*Stored data*.
════════════════════

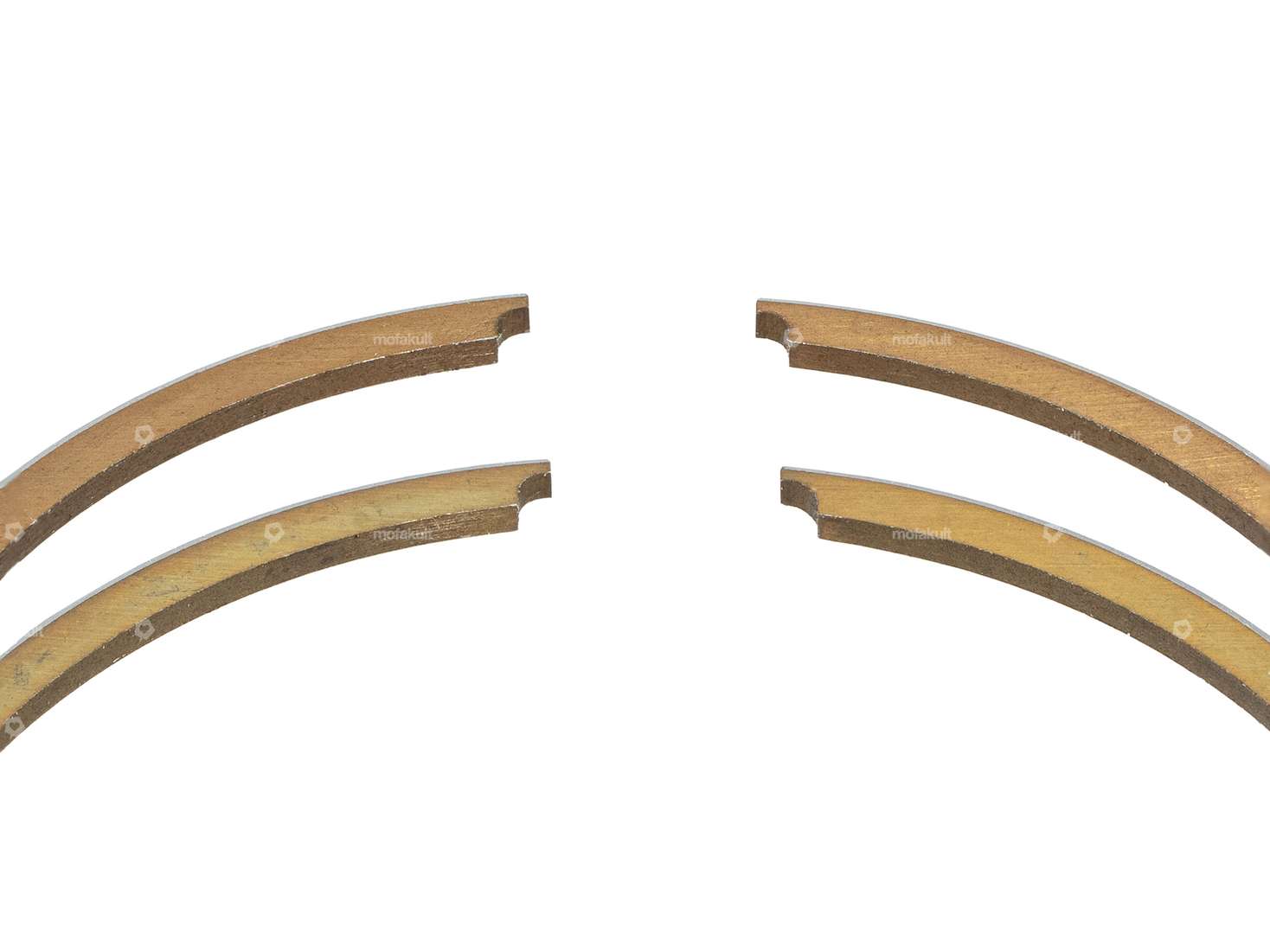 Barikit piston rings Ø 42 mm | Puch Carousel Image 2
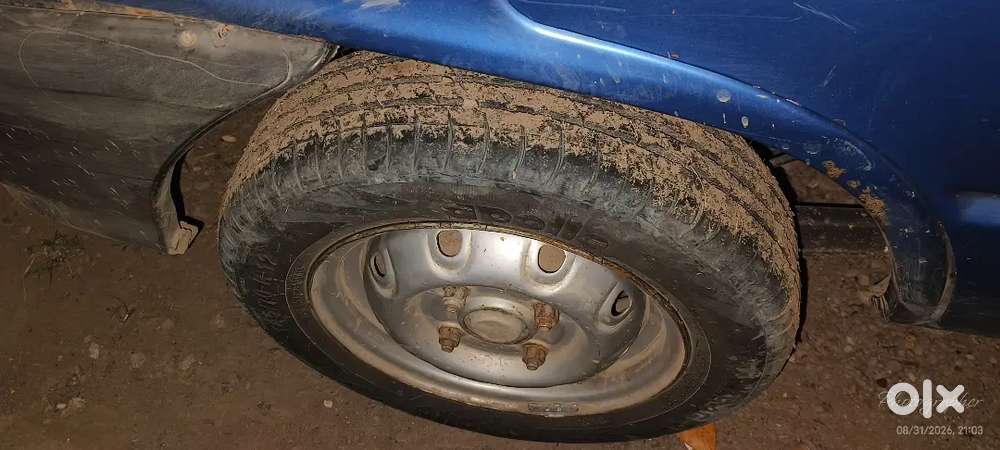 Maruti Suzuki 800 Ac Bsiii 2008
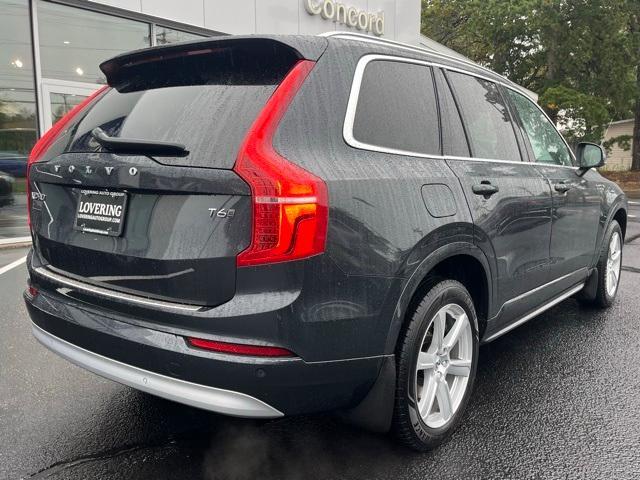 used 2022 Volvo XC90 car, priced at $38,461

════════════════════

*Problem requirements*.
Down to the last line, print the material exactly, but not its pictures.

*Exercise answer*.
 Barikit piston rings Ø 42 mm | Puch Carousel Image 2
 Maruti Suzuki 800 Ac Bsiii 2008
 used 2022 Volvo XC90 car, priced at $38,461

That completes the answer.